START INFORMATION SUPPLIED

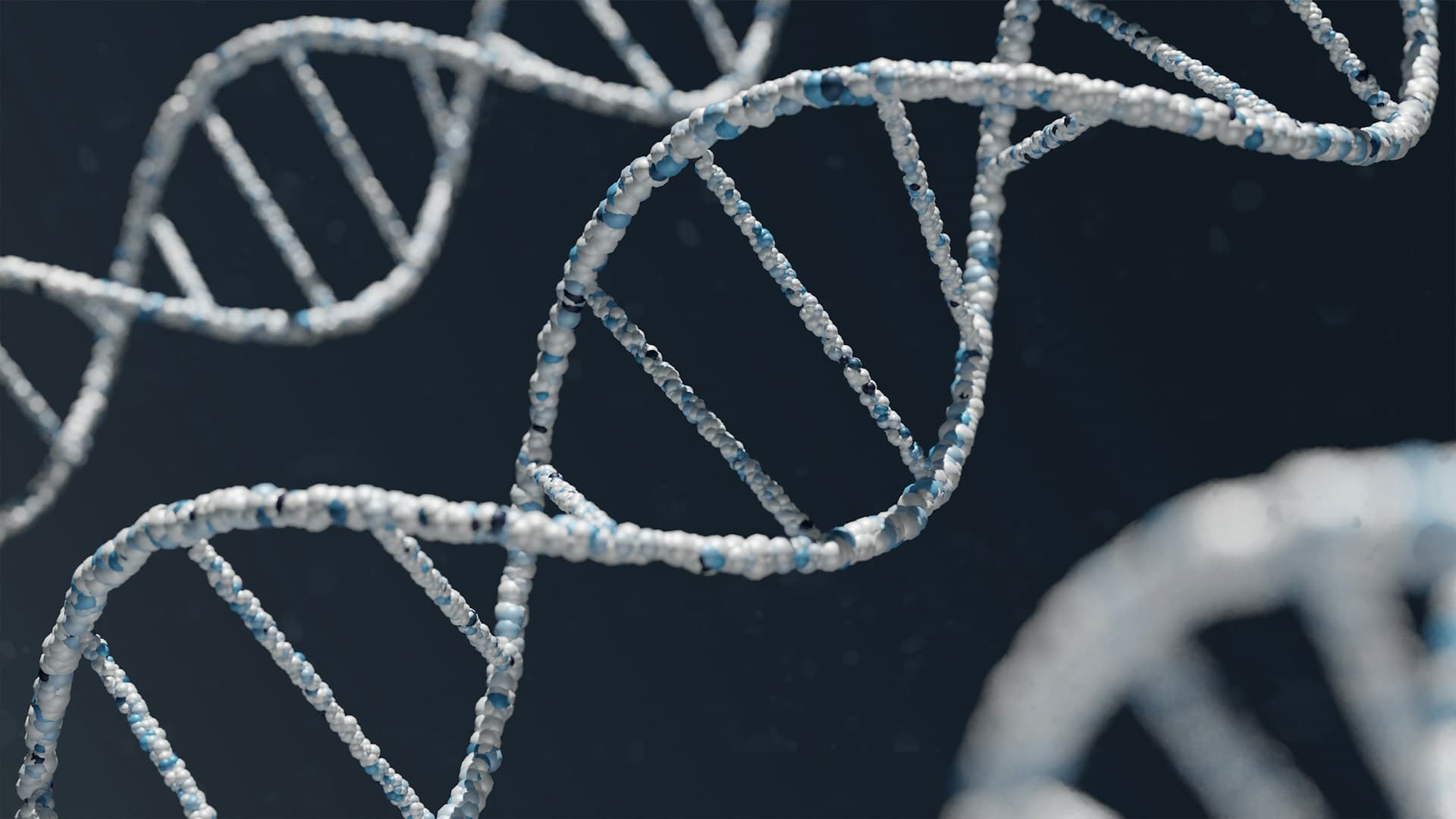 Doble hélice de ADN, datos genéticos y genómicos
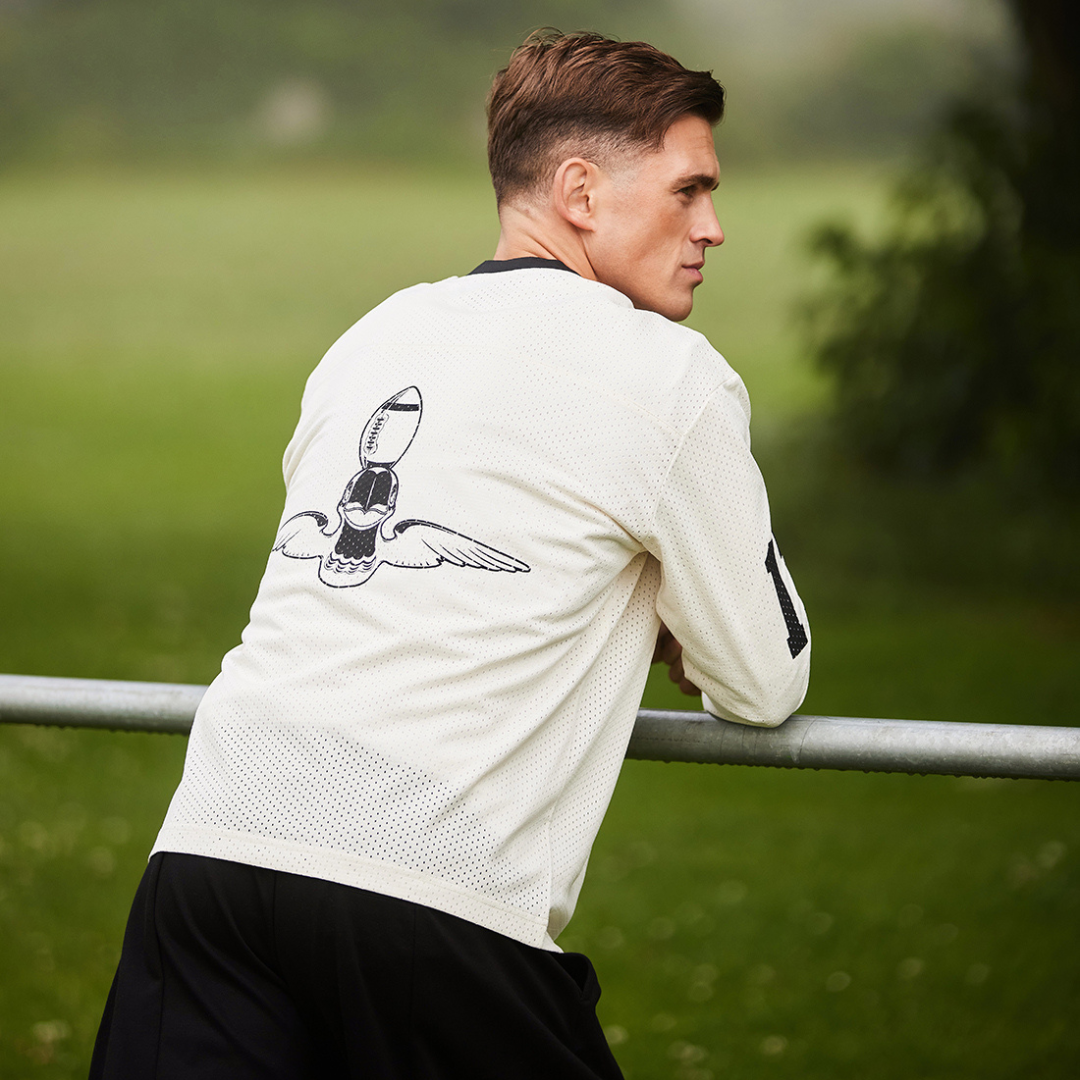 Unisex Guinness Harp Cream Mesh Sweatshirt 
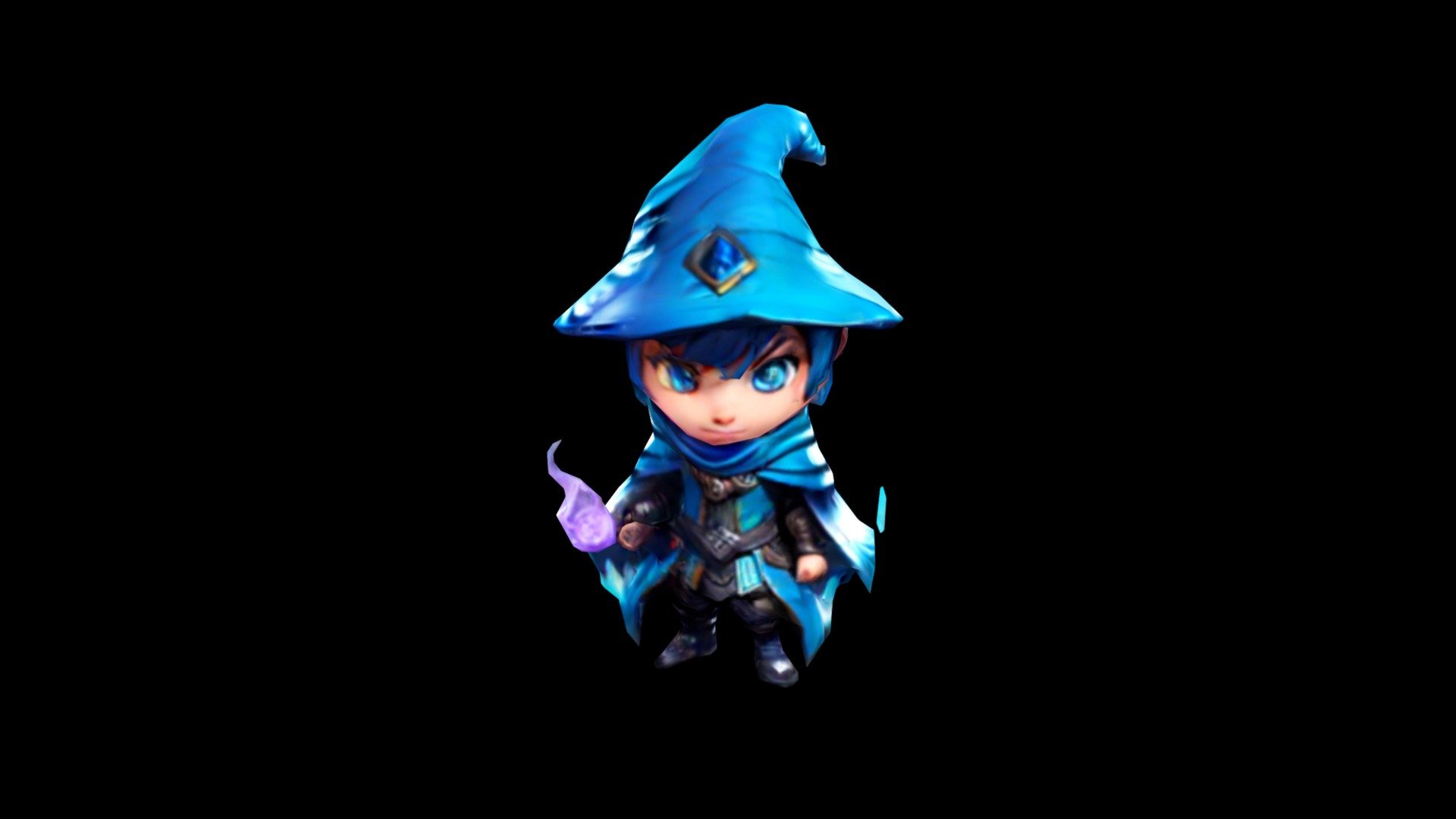 Colorful Cartoon Apprentice Wizard - Download Free 3D model by klrxyz ...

END INFORMATION SUPPLIED

▸ **EXERCISE**
Print the lines from the line with "Unisex Guinness Harp Cream Mesh Sweatshirt" to the end of the data above. Include both ends, exclude the pictures, and add nothing else.

▸ **THE COMPLETED TASK**
 Unisex Guinness Harp Cream Mesh Sweatshirt 
 Colorful Cartoon Apprentice Wizard - Download Free 3D model by klrxyz ...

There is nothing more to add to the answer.